Reputation: 153
I came across a question related to ArrayList of java in a company written test. My query is just a small part of the actual question.
Lets say we have the following function to copy one ArrayList to another:
void function(List<E> l)
{
List<E> m = new ArrayList<E>(l);
}
The question basically asks to optimize this copy operation. The List may contain a million entries. I have tried the following approaches:
Collections.copy
System.Arraycopy
addAll
But all of these seem to be slower than the given method. I need a method that is faster than the given method or is it the best method that is available?
Upvotes: 10
Views: 7000
Reputation: 3446
If you get dirty, Unsafe will be slightly faster. However you have to get access to the underlying Object array of the ArrayLists using reflection.
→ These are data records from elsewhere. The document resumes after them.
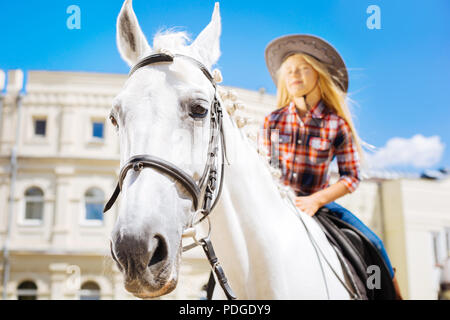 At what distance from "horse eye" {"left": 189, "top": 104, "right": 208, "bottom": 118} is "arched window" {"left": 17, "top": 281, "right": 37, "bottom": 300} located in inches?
636

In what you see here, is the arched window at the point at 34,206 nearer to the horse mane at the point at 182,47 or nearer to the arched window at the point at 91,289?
the arched window at the point at 91,289

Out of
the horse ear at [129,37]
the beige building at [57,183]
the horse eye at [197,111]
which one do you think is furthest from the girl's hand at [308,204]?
the beige building at [57,183]

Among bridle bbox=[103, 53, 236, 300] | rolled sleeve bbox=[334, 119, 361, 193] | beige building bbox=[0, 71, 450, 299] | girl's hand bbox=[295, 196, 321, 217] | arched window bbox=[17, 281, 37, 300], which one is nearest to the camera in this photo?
bridle bbox=[103, 53, 236, 300]

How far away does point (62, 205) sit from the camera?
1664 centimetres

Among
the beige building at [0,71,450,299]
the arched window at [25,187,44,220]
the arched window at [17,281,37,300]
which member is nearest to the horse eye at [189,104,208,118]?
the beige building at [0,71,450,299]

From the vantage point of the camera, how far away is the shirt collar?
2.77 meters

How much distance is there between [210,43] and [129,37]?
0.37m

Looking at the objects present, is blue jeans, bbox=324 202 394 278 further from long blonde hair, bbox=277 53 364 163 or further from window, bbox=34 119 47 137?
window, bbox=34 119 47 137

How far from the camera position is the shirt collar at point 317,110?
9.10ft

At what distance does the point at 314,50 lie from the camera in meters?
2.76

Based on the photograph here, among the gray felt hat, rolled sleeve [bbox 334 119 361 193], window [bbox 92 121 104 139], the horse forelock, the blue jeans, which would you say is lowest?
the blue jeans

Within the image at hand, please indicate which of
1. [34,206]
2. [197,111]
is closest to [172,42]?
[197,111]

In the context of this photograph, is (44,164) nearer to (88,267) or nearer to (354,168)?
(88,267) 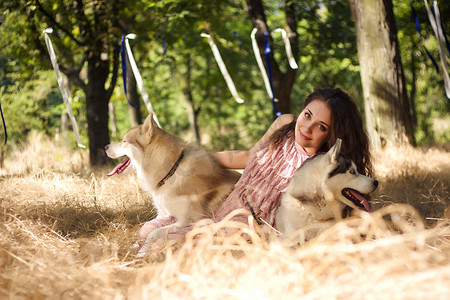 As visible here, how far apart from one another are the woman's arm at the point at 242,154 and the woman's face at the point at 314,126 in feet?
1.63

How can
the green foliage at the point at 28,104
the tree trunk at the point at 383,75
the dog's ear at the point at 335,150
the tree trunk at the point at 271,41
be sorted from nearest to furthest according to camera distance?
the dog's ear at the point at 335,150, the tree trunk at the point at 383,75, the green foliage at the point at 28,104, the tree trunk at the point at 271,41

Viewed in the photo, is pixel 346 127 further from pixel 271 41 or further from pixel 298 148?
pixel 271 41

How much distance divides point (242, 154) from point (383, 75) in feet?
11.1

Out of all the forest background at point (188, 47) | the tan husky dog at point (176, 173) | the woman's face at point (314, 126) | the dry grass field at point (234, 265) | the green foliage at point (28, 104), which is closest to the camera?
the dry grass field at point (234, 265)

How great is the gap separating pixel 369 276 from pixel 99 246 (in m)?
1.87

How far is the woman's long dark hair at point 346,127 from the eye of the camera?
313cm

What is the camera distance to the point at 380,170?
5430 millimetres

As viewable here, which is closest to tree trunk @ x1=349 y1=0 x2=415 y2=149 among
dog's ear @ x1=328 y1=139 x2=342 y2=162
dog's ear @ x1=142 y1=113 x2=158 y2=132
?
dog's ear @ x1=142 y1=113 x2=158 y2=132

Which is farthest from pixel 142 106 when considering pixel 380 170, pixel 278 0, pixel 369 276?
pixel 369 276

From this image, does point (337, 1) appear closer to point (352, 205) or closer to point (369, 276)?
point (352, 205)

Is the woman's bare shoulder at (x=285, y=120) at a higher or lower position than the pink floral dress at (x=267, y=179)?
higher

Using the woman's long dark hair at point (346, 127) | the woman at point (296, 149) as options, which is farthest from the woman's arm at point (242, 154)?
the woman's long dark hair at point (346, 127)

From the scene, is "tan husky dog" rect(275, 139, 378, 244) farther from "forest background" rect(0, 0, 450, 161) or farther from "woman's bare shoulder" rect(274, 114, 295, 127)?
"forest background" rect(0, 0, 450, 161)

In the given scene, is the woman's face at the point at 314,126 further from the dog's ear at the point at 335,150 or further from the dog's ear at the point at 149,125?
the dog's ear at the point at 149,125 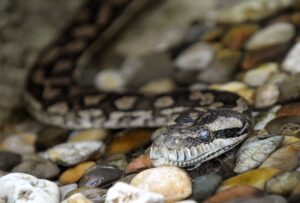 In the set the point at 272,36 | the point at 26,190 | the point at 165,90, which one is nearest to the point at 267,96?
the point at 272,36

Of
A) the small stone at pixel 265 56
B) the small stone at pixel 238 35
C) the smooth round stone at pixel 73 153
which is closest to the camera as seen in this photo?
the smooth round stone at pixel 73 153

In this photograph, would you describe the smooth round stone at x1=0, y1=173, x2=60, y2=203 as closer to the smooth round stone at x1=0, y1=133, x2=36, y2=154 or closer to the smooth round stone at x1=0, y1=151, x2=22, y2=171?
the smooth round stone at x1=0, y1=151, x2=22, y2=171

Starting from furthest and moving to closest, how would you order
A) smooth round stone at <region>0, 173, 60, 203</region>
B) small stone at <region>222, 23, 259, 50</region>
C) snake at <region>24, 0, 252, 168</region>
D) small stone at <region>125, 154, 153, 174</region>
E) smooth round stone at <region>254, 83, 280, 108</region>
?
small stone at <region>222, 23, 259, 50</region> < smooth round stone at <region>254, 83, 280, 108</region> < small stone at <region>125, 154, 153, 174</region> < snake at <region>24, 0, 252, 168</region> < smooth round stone at <region>0, 173, 60, 203</region>

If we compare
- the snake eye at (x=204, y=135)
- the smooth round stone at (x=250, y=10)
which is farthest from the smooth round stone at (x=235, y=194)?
the smooth round stone at (x=250, y=10)

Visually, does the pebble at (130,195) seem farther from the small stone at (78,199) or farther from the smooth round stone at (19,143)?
the smooth round stone at (19,143)

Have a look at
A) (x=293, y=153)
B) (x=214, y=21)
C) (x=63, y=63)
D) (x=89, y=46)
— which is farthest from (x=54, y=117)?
(x=293, y=153)

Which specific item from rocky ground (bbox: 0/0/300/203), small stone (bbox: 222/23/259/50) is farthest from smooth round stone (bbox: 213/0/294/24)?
small stone (bbox: 222/23/259/50)

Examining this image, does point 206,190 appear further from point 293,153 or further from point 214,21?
point 214,21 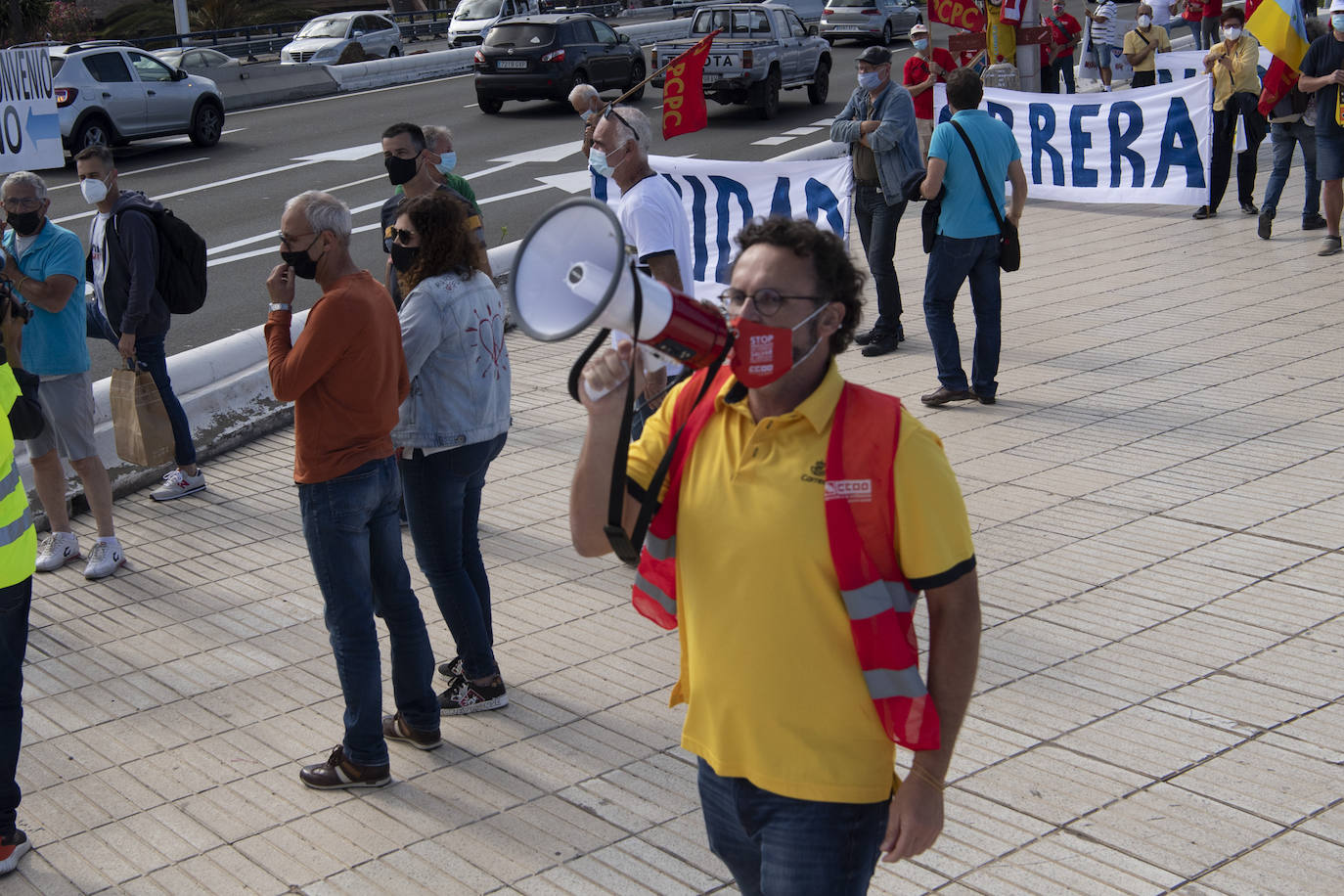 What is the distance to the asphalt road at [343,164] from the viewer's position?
14.2 metres

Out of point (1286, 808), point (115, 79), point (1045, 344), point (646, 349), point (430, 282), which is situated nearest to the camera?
point (646, 349)

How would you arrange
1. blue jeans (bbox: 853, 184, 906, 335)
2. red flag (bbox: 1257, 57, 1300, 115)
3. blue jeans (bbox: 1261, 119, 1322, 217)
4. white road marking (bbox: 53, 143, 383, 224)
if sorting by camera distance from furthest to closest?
white road marking (bbox: 53, 143, 383, 224) < blue jeans (bbox: 1261, 119, 1322, 217) < red flag (bbox: 1257, 57, 1300, 115) < blue jeans (bbox: 853, 184, 906, 335)

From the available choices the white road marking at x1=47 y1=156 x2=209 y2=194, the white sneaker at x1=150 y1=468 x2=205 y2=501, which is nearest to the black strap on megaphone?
the white sneaker at x1=150 y1=468 x2=205 y2=501

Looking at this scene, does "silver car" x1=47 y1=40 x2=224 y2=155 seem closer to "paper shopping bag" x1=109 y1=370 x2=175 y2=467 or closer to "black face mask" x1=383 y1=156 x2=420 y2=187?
"paper shopping bag" x1=109 y1=370 x2=175 y2=467

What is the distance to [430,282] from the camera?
4871mm

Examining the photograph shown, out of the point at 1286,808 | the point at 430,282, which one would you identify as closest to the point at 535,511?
the point at 430,282

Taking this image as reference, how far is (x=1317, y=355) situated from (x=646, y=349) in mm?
7519

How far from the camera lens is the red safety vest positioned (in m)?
2.48

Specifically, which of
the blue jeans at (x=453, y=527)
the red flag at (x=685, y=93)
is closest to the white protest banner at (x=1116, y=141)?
the red flag at (x=685, y=93)

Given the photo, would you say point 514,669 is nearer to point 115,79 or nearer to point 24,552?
point 24,552

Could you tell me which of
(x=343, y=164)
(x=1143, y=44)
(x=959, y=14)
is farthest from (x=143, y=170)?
(x=1143, y=44)

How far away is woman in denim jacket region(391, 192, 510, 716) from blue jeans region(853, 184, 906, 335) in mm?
4737

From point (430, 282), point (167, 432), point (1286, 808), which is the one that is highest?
point (430, 282)

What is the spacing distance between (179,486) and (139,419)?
0.90m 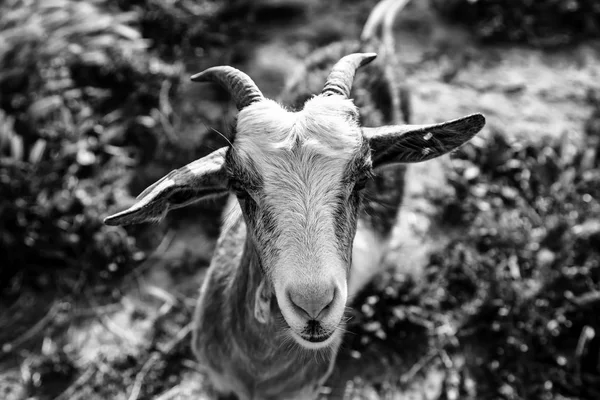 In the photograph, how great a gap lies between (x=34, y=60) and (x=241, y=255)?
4.30 meters

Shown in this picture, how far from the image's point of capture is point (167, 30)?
802 cm

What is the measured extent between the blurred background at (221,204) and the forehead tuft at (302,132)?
97cm

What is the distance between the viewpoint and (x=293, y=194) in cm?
317

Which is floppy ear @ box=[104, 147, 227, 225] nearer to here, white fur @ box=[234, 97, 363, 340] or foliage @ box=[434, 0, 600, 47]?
white fur @ box=[234, 97, 363, 340]

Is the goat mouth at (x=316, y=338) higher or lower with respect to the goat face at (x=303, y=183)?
lower

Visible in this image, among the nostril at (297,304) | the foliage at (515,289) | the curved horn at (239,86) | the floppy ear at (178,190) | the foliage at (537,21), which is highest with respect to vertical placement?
the curved horn at (239,86)

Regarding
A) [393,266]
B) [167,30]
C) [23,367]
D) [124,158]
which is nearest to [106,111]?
[124,158]

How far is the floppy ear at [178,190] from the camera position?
3.23 meters

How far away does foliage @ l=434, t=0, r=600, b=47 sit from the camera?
8.12 metres

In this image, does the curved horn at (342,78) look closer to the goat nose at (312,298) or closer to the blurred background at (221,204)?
the blurred background at (221,204)

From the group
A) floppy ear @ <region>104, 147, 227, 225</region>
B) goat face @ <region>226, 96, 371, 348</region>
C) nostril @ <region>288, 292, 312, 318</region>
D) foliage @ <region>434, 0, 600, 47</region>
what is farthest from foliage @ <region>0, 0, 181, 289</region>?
foliage @ <region>434, 0, 600, 47</region>

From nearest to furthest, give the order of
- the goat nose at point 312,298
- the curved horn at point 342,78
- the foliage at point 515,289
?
the goat nose at point 312,298 → the curved horn at point 342,78 → the foliage at point 515,289

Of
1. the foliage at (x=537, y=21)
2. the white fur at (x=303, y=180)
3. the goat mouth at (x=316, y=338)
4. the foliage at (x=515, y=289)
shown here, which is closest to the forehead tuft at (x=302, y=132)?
the white fur at (x=303, y=180)

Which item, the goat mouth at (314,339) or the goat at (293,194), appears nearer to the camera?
the goat at (293,194) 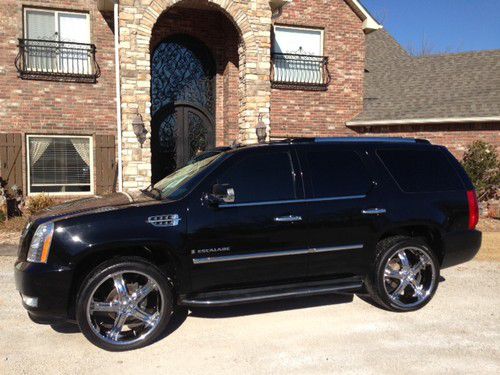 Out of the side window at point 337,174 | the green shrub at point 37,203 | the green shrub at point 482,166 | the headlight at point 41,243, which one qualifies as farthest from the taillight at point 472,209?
the green shrub at point 37,203

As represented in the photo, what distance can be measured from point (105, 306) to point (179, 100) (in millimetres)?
9162

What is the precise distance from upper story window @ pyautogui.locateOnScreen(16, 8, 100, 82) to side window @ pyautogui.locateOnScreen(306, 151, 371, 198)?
8.46 m

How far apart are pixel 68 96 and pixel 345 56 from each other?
26.5 ft

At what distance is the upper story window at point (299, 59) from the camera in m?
12.7

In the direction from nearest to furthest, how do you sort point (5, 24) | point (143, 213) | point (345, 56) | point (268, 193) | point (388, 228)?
point (143, 213)
point (268, 193)
point (388, 228)
point (5, 24)
point (345, 56)

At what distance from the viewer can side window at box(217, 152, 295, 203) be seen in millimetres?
4301

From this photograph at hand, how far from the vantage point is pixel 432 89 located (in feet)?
45.5

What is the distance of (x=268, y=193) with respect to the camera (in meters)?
4.35

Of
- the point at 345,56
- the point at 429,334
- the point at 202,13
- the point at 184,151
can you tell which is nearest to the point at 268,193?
the point at 429,334

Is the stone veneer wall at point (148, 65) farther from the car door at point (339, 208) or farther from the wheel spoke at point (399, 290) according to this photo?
the wheel spoke at point (399, 290)

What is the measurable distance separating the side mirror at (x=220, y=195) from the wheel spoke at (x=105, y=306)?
1.26 meters

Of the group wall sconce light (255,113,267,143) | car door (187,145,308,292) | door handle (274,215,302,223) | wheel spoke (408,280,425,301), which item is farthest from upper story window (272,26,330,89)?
door handle (274,215,302,223)

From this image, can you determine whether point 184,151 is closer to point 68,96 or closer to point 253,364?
point 68,96

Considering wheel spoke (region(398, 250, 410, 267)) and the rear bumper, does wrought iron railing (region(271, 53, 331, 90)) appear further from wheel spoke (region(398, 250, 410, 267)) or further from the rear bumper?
wheel spoke (region(398, 250, 410, 267))
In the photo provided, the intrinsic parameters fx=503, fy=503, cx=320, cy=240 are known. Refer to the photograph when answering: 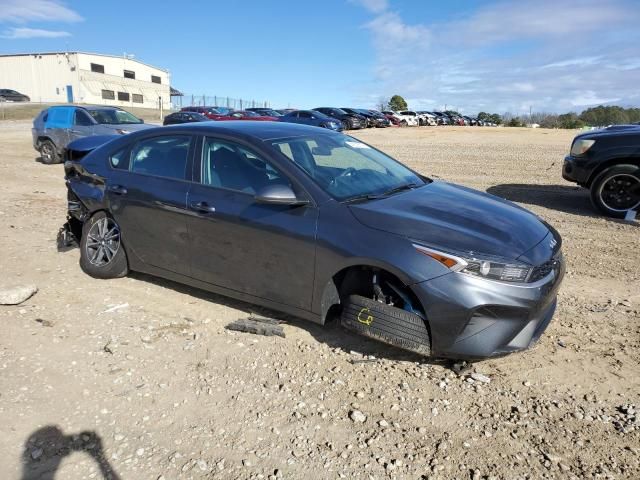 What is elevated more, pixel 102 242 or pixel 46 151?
pixel 46 151

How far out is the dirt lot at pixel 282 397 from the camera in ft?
8.75

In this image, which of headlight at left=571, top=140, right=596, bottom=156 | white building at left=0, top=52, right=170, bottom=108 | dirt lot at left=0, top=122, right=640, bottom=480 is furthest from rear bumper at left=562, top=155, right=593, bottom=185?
white building at left=0, top=52, right=170, bottom=108

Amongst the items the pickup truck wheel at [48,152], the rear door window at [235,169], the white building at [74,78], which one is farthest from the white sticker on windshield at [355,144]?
the white building at [74,78]

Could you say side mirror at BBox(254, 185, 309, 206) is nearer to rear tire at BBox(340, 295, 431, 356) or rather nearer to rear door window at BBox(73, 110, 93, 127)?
rear tire at BBox(340, 295, 431, 356)

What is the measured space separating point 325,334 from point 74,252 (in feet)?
11.6

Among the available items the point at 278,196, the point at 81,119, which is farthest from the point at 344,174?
the point at 81,119

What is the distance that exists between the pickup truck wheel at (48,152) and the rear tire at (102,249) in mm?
10467

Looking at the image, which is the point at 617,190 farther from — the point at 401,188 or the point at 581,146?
the point at 401,188

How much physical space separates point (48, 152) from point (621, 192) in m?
14.0

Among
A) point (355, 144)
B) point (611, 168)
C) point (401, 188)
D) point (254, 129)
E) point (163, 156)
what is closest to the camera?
point (401, 188)

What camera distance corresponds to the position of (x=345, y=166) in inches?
170

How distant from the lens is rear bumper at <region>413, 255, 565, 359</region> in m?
3.12

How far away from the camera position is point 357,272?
141 inches

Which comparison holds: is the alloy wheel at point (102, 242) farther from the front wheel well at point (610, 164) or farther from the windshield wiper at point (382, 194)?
the front wheel well at point (610, 164) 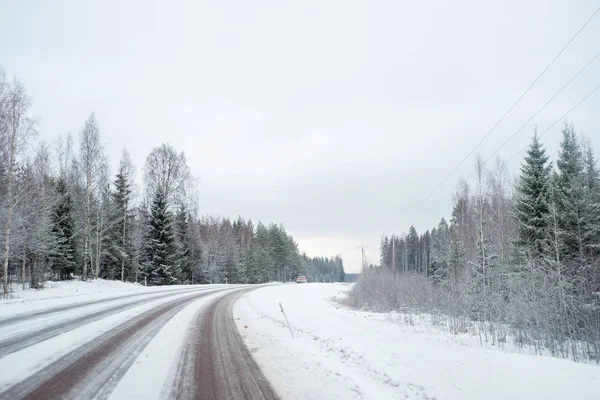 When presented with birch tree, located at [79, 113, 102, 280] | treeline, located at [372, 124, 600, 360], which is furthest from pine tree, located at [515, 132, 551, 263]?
birch tree, located at [79, 113, 102, 280]

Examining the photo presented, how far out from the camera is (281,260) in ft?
248

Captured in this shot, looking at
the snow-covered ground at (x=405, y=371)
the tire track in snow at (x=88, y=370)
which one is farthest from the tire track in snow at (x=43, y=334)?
the snow-covered ground at (x=405, y=371)

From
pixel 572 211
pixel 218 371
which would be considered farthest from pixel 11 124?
pixel 572 211

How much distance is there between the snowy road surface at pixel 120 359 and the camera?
450cm

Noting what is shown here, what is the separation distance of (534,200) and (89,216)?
103ft

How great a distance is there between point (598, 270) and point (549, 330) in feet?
13.7

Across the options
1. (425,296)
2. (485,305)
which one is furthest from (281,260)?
(485,305)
Use this only if you are in a life-or-death situation regarding performance.
public native void copyMemory(java.lang.Object o, long l, java.lang.Object o1, long l1, long l2);
Upvotes: 0
Reputation: 31724
Well Firstly I think there is a benchmark error. public ArrayList(Collection<? extends E> c)
uses Arrays.copyOf
which internally uses System.arraycopy
(Source here). Hence System.arraycopy
or addAll
cannot be slower than your mentioned code.
For the question, there cannot be a faster way (given you wish to not loose the type information, that might save clock cycles but very trivial) as the operation will have to be O(n)
. And System.arraycopy
is the fastest way out there given it uses native calls to copy them fast.